Heterologous antagonistic and synergistic interactions between helminths and between helminths and protozoans in concurrent experimental infection of mammalian hosts.

Experimental concurrent infection with two or more parasite species in mammalian host models may result in heterologous antagonistic and synergistic interactions ranging in magnitude from reduced/enhanced growth and fecundity to blockage/enhancement of establishment/expulsion. With some exceptions only, there is a reasonable correlation between the levels of interaction monitored by parasitological and by clinico-pathological parameters. Heterologous antagonistic interactions mediated by functional and specific immunological cross-reactivity occur between closely related parasite species exhibiting a marked immunobiological similarity.
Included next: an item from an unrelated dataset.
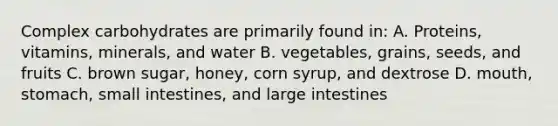 Complex carbohydrates are primarily found in: A. Proteins, vitamins, minerals, and water B. vegetables, grains, seeds, and fruits C. brown sugar, honey, corn syrup, and dextrose D. mouth, stomach, small intestines, and large intestines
In contrast, antagonistic interactions between antigenetically more remote species of helminths, protozoan-induced resistance to helminth infection and helminth-induced suppression of concurrent protozoan infection generally appear mediated by immunologically non-specific factors like macrophage activation and inflammatory reactions. Synergistic heterologous interactions between helminths, helminth-induced enhancement of concurrent protozoan infection and interference with the development and maintenance of resistance to helminth infection in response to concurrent protozoan infection are generally thought to be mediated by non-specific parasite-induced immunosuppression. Concurrent experimental infection is very complex. There are problems and limitations in extrapolating from experimental studies on concurrent infection in laboratory animals to natural polyparasitism. This fact, coupled with the complex influence of ecological factors on the pattern and frequency of concurrent natural infection means that major consequences of natural concurrent parasite infection have not been definitively demonstrated. Appropriately planned and controlled field studies and further laboratory experiments on primate and domestic animal models are imperative for elucidation of the importance of heterologous interactions in concurrent parasite infection for the disease pattern in man and domestic stock. Experimental studies hitherto conducted on concurrent parasite infection pointing to natural heterologous interactions may be a valuable starting point for further studies.